→ INSTRUCTIONS FOR THE TASK
Please print the line that holds "CAN FC1344-E RH" and each line after it to the end of the data, word for word, without any pictures.
GIVEN RECORDS: Begin
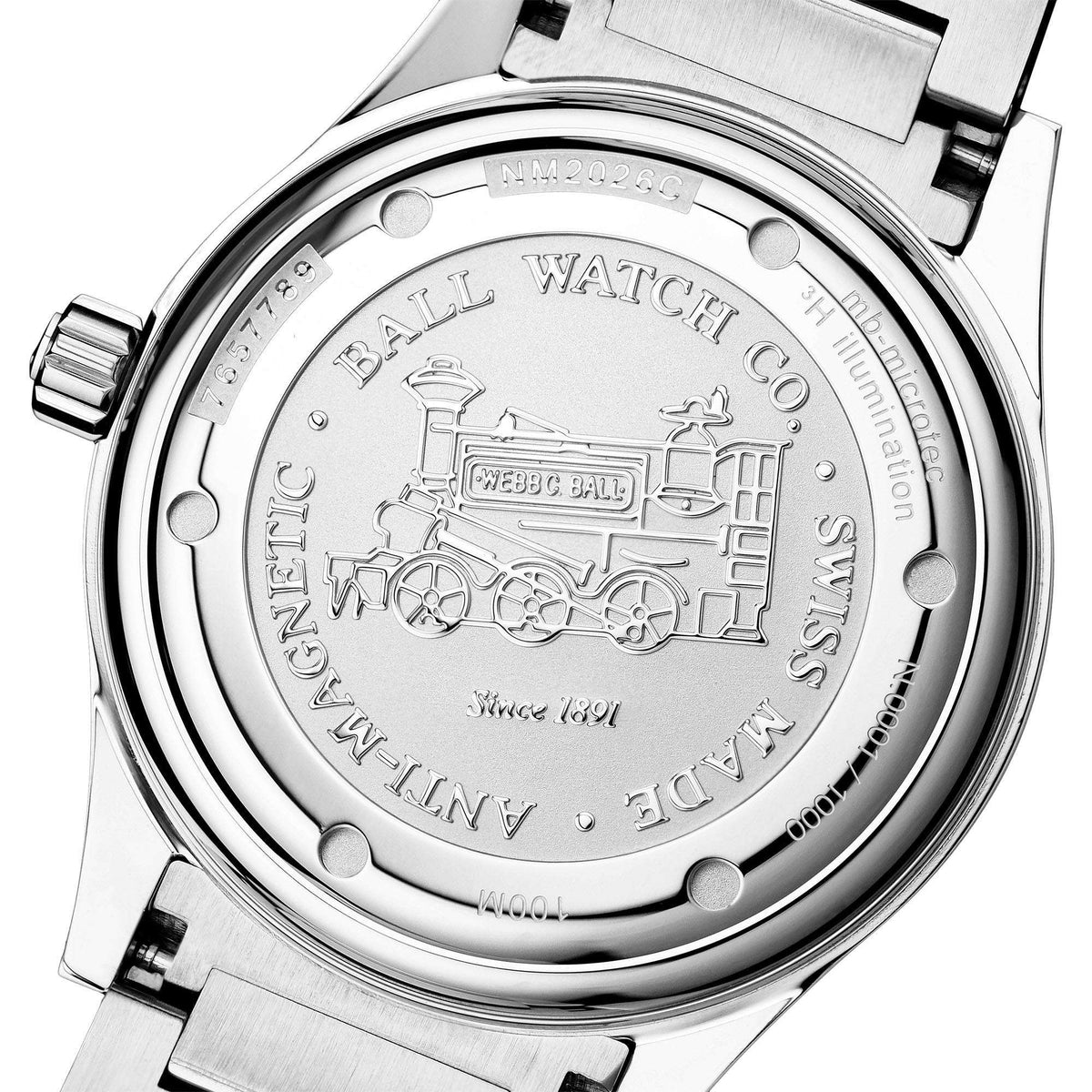 Stainless steel caseback with engraved 'BALL WATCH CO' and watch design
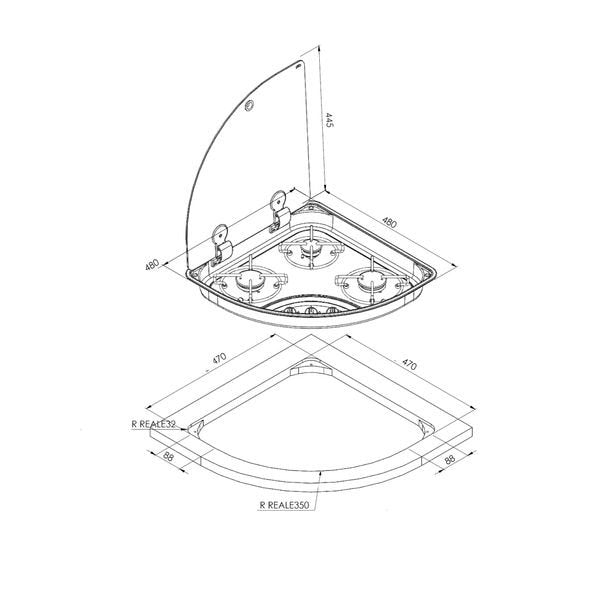 CAN FC1344-E RH 3 Burner LPG Hob with 12V Ignition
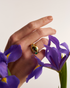Gold dome cocktail ring with multicolor gemstones and purple iris flowers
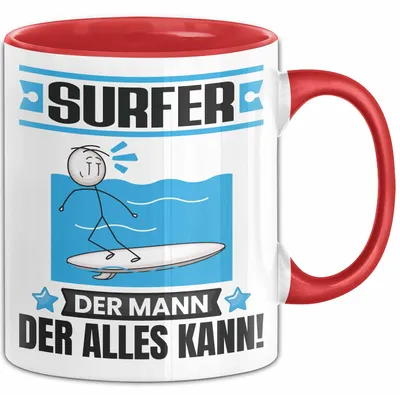 Produktbild von Surfer Tasse Geschenk für Surfer Der Mann Der Alles Kann Geschenkidee zum Geburtstag (Rot)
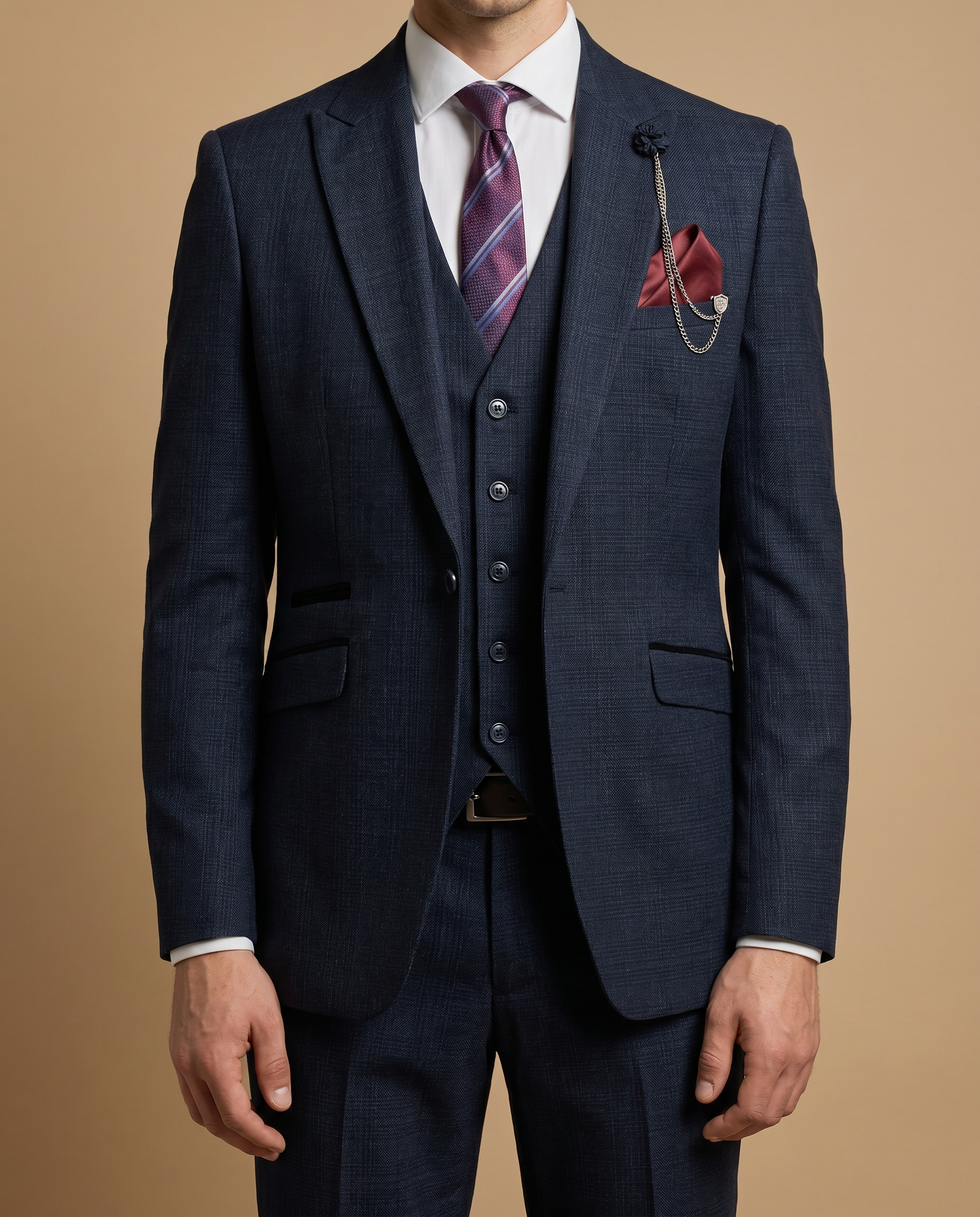 Caridi - Navy Regular Check Three Piece Prom Suit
GIVEN RECORDS: End
→ ANSWER SECTION
 CAN FC1344-E RH 3 Burner LPG Hob with 12V Ignition
Gold dome cocktail ring with multicolor gemstones and purple iris flowers
 Produktbild von Surfer Tasse Geschenk für Surfer Der Mann Der Alles Kann Geschenkidee zum Geburtstag (Rot)
 Caridi - Navy Regular Check Three Piece Prom Suit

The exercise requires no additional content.